Financially Fragile: Could you come up with $2,000 cash in 30 days?

What does this mean?

If I have $500k of assets and $398k of debt and a $400k Line Of Credit, does that mean when I take $2k out of the LOC to bring the debt up to the $400k limit that I am using cash or debt?

If I have $300k of assets and $398k of debt and a $400k Line of Credit (ie my properties have dropped in value but the Bank is yet to revalue the LOC), does that mean when I take $2k out of the LOC that I am using cash or debt?
If I have $100m of assets and $398k of debt and a $400k Line of Credit, does that mean when I take $2k out of the LOC that I am using cash or debt?

Or do I need to pay every last cent of my debt off, regardless of my asset base, before I can be considered to be using "cash"?

I prefer to think in terms of gross assets, net assets (or LVR) and net income. Whether or not I can access $2k at short notice will depend on the credit buffers I have available - not whether I have saved "cash" separately.

You have $M's in equity in this example.. .what mo you think the obvious answer is ?

Give Bin a litgtle credit,m I'm sure he didn't suggest that...

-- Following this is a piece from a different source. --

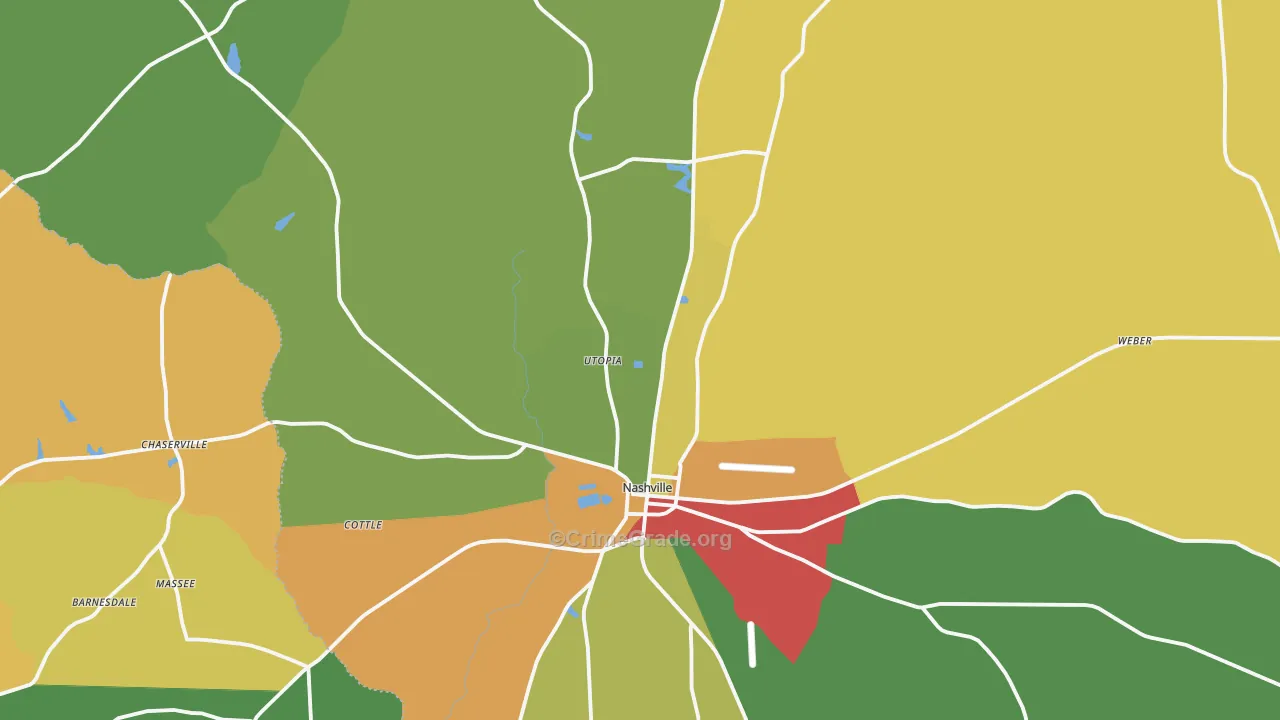 Berrien County, GA Map of Theft Rates
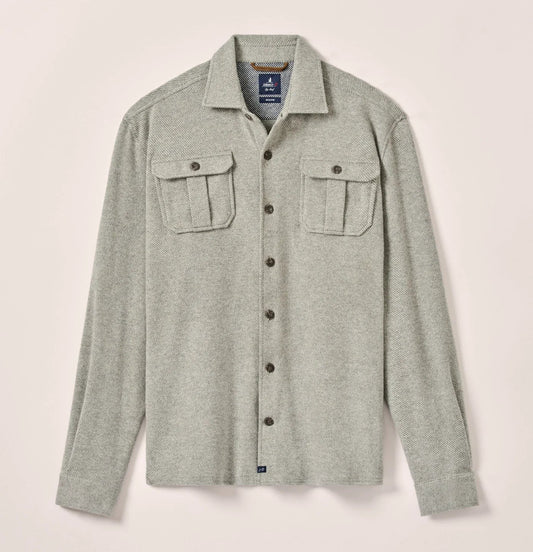Carl Stretch Knit Flannel Lodge Shirt in Light Gray by Johnnie-O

I think a more typical example may be more like a person who has $0.5m property... $.05m debt and $20k cash in the bank against their offset a/c which they need to meet the shortfall between rent & expensesfor that year otherwise they might be short and unable to pay their bills.... but of course they don't need 100% of that shortfall straightaway.....
Something URGENT comes up and they NEED $2k... of course they take out CASH from their offset.. .but is it savings cash or is it getting into mnroe debt ?

I'd suggest the people who have $100m of assets weren't the focus of eitherthe OP or Bon, nor the ones the original poster wondered about
 
Well that's all very nice jaycee but my point is that the principle is the same regardless of the amounts involved. ie you have assets, a line of credit and you are drawing down the line of credit (or taking money out of an offset account if you will).

If someone says that means you're not "using cash" then that applies as much in the $100m asset case as it does in the $300k asset case. In all three cases you are just increasing your debt levels after all...

So talking about whether you are using "cash" or "credit" is meaningless when you take such points to their logical extreme. Any investor with a reasonable amount of experience in these matters should spot this straight away. The attempted distinction is a total furphy.
 
Money is fungible. $1 here is the same as $1 over there. So if I have even $1 of debt and $1m in assets, even if I take $500 out a proportion of that will still be debt even though the debt is such an insignificant proportion. You are arguing over nothing jaycee.
 
Money is fungible. $1 here is the same as $1 over there. So if I have even $1 of debt and $1m in assets, even if I take $500 out a proportion of that will still be debt even though the debt is such an insignificant proportion. You are arguing over nothing jaycee.

OK guys, I didn't realise I was arguing, youre all probably right... I was probably looking to deep into it.